Provided data: Begin
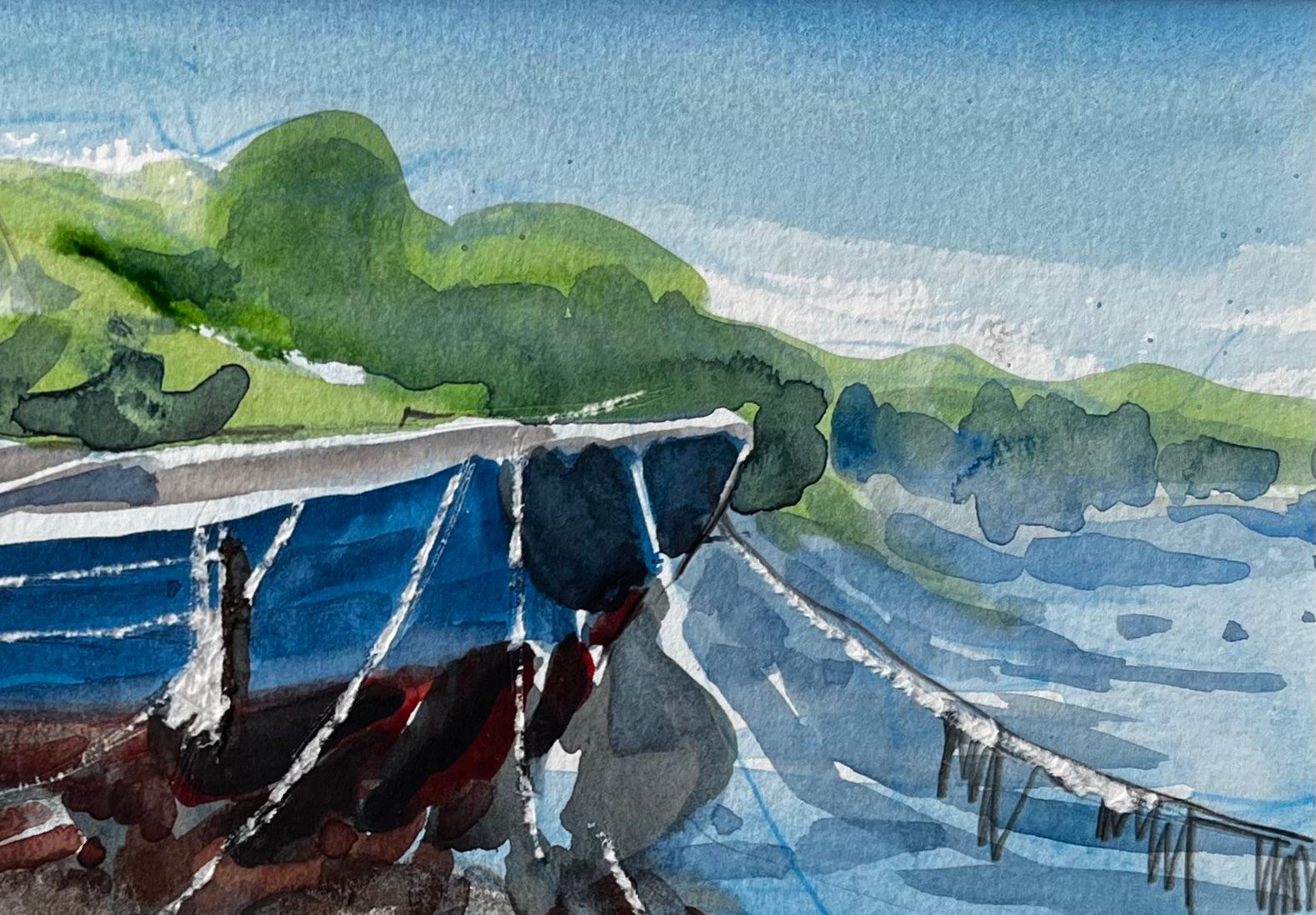 Title: Crete Harbour Beached Fishing Boat Greek Island Scene Mounted Watercolour
by John Steane (b.1931)
Size: 10.75 inches (height) x 13.75 inches (width) including mounting
watercolor painting on paper, unframed
condition: Good
Provenance: from a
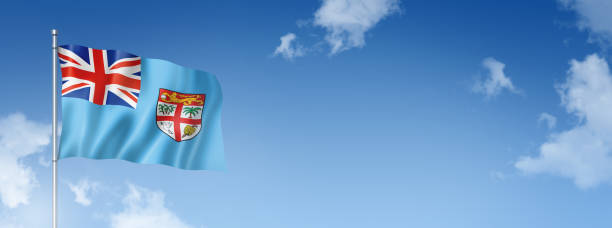 istock Fijian flag isolated on a blue sky. Horizontal banner 1391548623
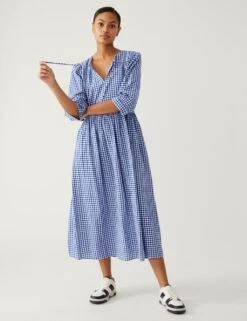 Pure Cotton Gingham Midi Dress -M&S SD 01 T42 7322 E4 X EC 2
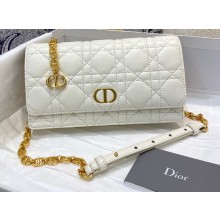 Dior Caro Belt Pouch with Chain Bag White 2021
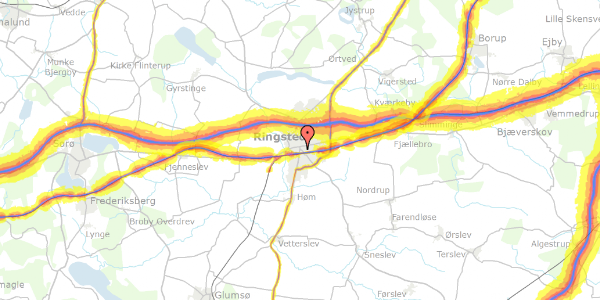 Trafikstøjkort på Næstvedvej 5B, st. , 4100 Ringsted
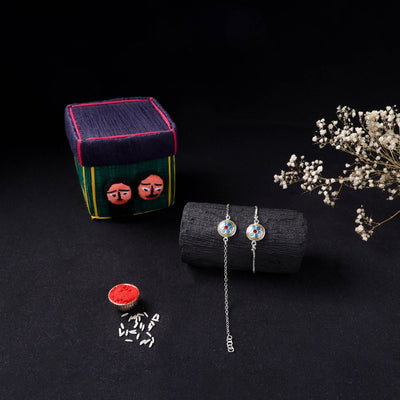 Handcrafted Meenakari Bhaiya Bhabhi Rakhi Set with Coir Box 140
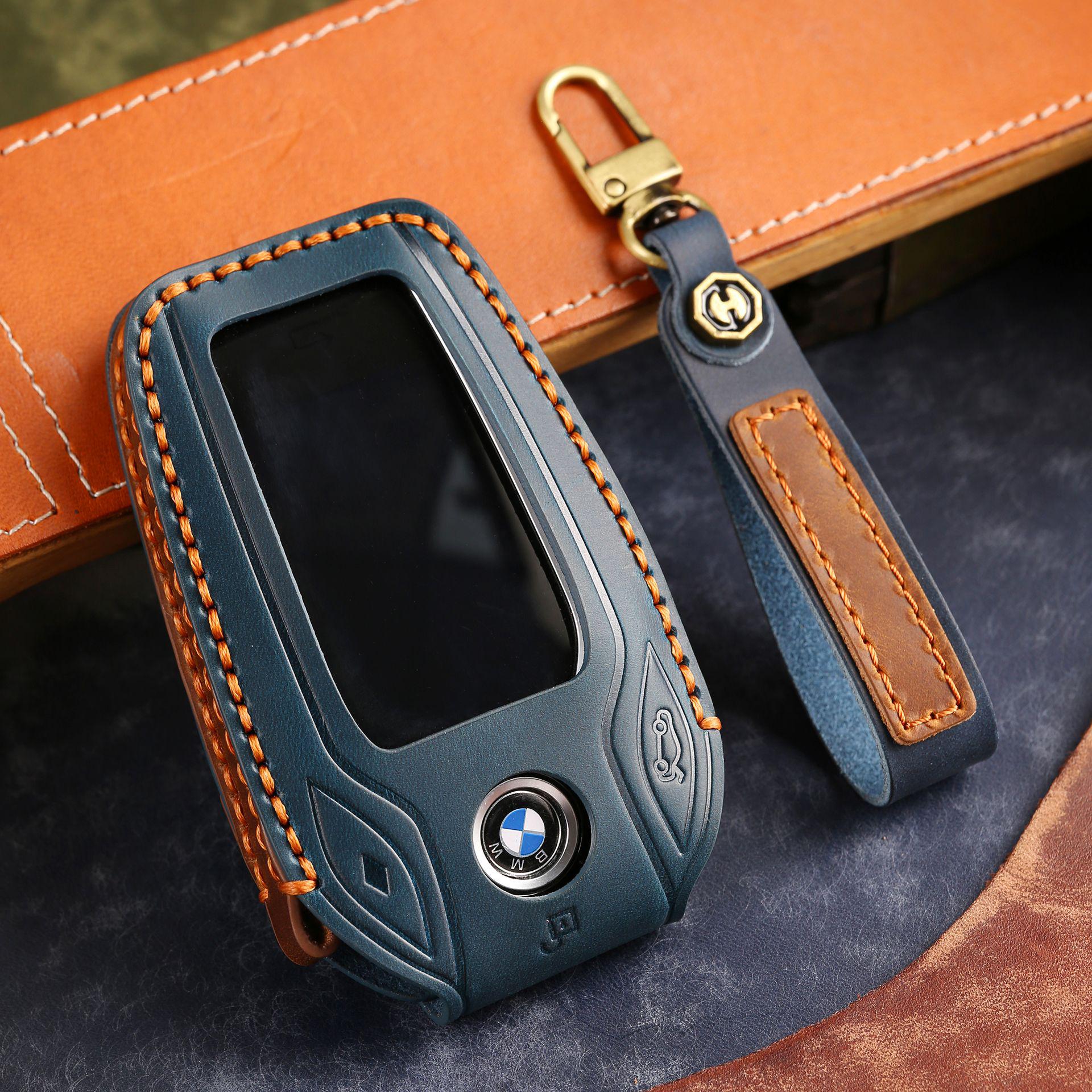 

Leather LCD Key Cover for BMW 7 Series 730Li 740 and 5 Series 530 коричневий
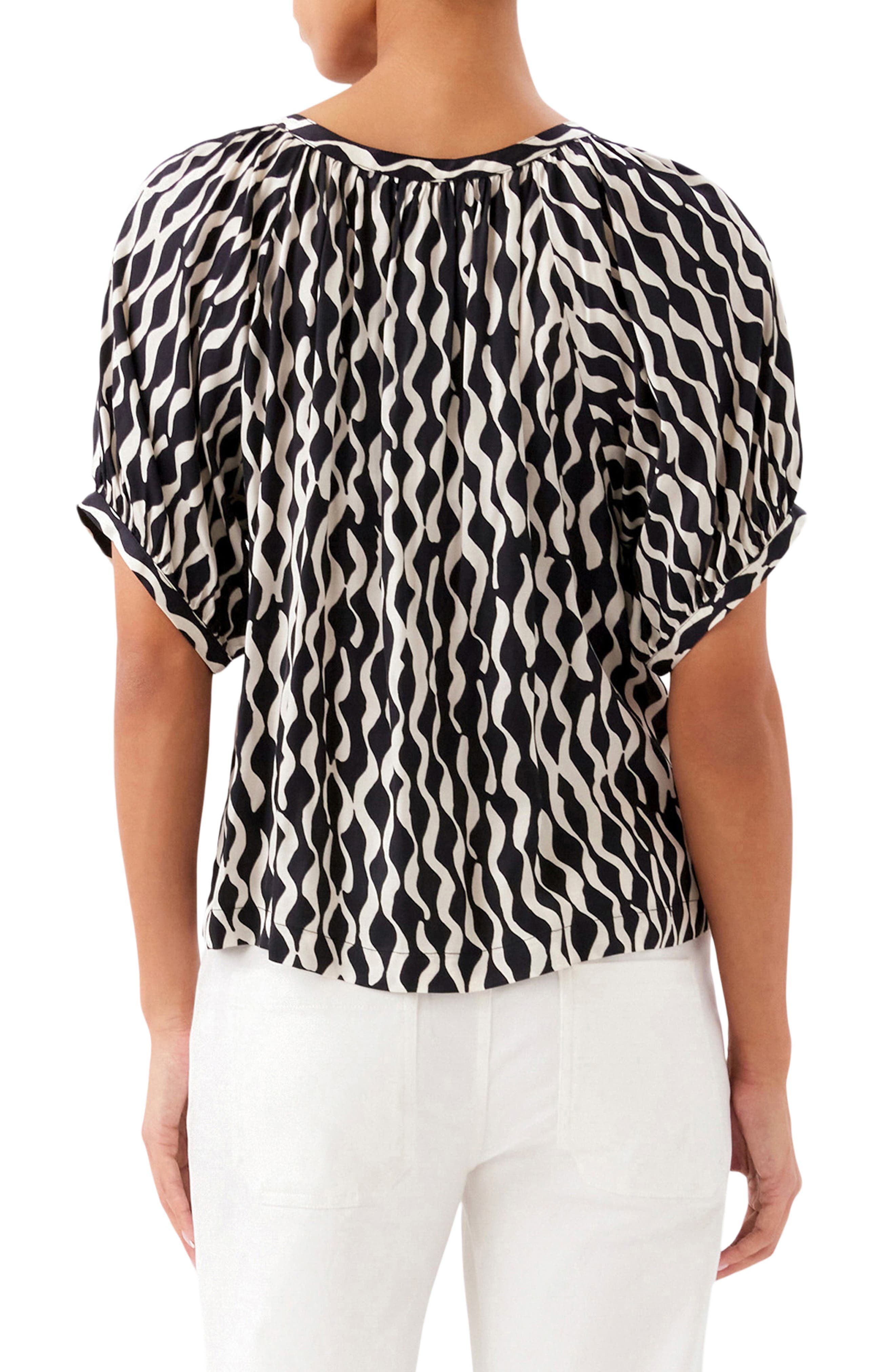 Print Satin Button-Up Peasant Top - image 2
Provided data: End
▸ **The task**
Would you print all of the entries exactly, omitting any image?

▸ **Answer space**
 Title: Crete Harbour Beached Fishing Boat Greek Island Scene Mounted Watercolour
by John Steane (b.1931)
Size: 10.75 inches (height) x 13.75 inches (width) including mounting
watercolor painting on paper, unframed
condition: Good
Provenance: from a
 istock Fijian flag isolated on a blue sky. Horizontal banner 1391548623
 Pure Cotton Gingham Midi Dress -M&S SD 01 T42 7322 E4 X EC 2
 Dior Caro Belt Pouch with Chain Bag White 2021
 Trafikstøjkort på Næstvedvej 5B, st. , 4100 Ringsted
 Handcrafted Meenakari Bhaiya Bhabhi Rakhi Set with Coir Box 140

Leather LCD Key Cover for BMW 7 Series 730Li 740 and 5 Series 530 коричневий
 Print Satin Button-Up Peasant Top - image 2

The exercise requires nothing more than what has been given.